2. Natsuka, S., Himeno, M., Hase, S., et al. (1988) J.Biochem. 103, 986–991.
3. Kageyama, N., Natsuka, S., and Hase, S. (1999) J.Biochem. 125, 838–845.
4. Natsuka, S., Adachi, J., Kawaguchi, M., et al. (2002) J.Biochem. 131,
807–813.
5. Natsuka, S., Masuda, M., Sumiyoshi, W., et al. (2014) PLoS ONE 9, 102219.
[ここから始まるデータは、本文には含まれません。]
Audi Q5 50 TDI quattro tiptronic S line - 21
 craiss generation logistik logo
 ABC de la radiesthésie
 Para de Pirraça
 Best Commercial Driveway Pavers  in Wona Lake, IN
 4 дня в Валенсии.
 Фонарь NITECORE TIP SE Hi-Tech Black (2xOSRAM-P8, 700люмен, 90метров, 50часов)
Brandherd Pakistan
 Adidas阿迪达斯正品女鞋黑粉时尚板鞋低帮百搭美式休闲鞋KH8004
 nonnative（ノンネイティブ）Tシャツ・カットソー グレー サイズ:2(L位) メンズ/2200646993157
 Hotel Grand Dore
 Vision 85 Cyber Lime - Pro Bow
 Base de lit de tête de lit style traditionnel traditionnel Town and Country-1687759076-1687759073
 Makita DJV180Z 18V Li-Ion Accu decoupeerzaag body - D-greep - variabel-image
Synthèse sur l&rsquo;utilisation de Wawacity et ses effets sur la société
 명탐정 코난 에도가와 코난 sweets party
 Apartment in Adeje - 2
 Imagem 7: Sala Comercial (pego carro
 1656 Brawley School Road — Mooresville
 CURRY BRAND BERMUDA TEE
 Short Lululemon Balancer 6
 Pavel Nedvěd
6. Natsuka, S., Ishida, M., Ichikawa, A., et al. (2006) J.Biochem. 140,
87–93.
7. Natsuka, S., Hirohata, Y., Nakakita, S., et al. (2011) FEBS J. 278,
452–460.
8. Hanzawa, K., Suzuki, N., and Natsuka, S. (2017) Glycobiology 27, 228–245.
9. Natsuka, S. (2013) TrendsGlycosci.Glycotechnol. 25, 125–131.